Crónica de Inês Cardoso: amar pelo estômago

A comida une, diverte, reconforta. Rima com conversas demoradas, com risos e descontração e até com discussões quando é preciso.

Estou a caminho dos 44 anos mas ainda ando com tupperwares dos pais atrás de mim. Quando vou a casa (e casa para mim será sempre Proença-a-Nova), é raro não haver um mimo à minha espera. Um prato com os legumes da época, por exemplo, daqueles que nunca saberei fazer na perfeição, como a salada de almeirão com feijão. Mesmo quando não estão os meus pais fazem-se presentes.

Uma vez cheguei para o fim de semana e tinha uma caixa carregada de pêssegos, figos e morangos, com um pedaço de papel. “Para a Inês.” Aquele bocado de folha no meio dos figos que me deliciam era a mais bonita dedicatória de amor. Simples e perfeita.
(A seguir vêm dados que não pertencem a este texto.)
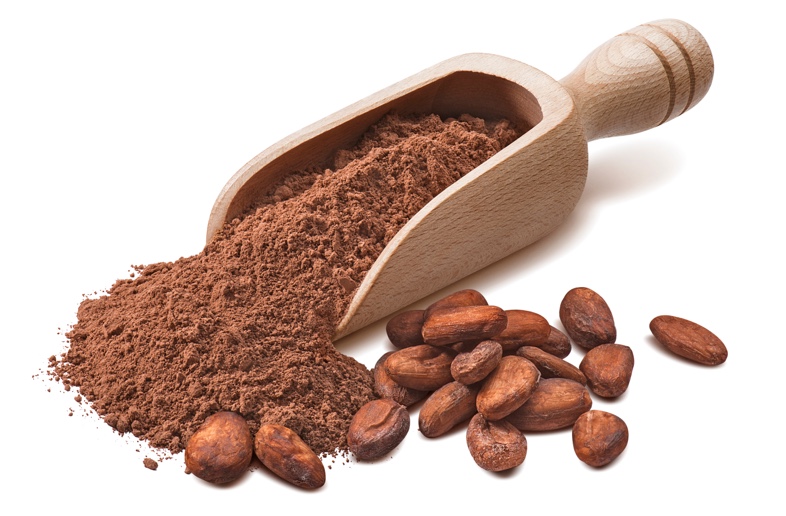 Cacao Bio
Comida é cuidado desde que nascemos. Mas vamos aprendendo a apreciá-la quando crescemos e corremos noutras direções. Muitas vezes a ida para a faculdade é esse marco e cada regresso a casa traz-nos de volta os sabores habituais, que tentamos levar connosco em caixas com refeições para a semana seguinte.

Nada nos transporta tanto para lugares seguros como um prato que apreciamos. Acontece através dele revisitarmos momentos, dias de encontro, hábitos da infância. Memórias e pessoas nossas. Tentamos cozinhar uma receita das avós e nunca sai igual. Não quer dizer que sejamos maus na cozinha, mas falta o tempero de amor inigualável com que nos era preparado.

Nada nos transporta tanto para lugares seguros como um prato que apreciamos. Acontece através dele revisitarmos momentos, dias de encontro, hábitos da infância. Memórias e pessoas nossas.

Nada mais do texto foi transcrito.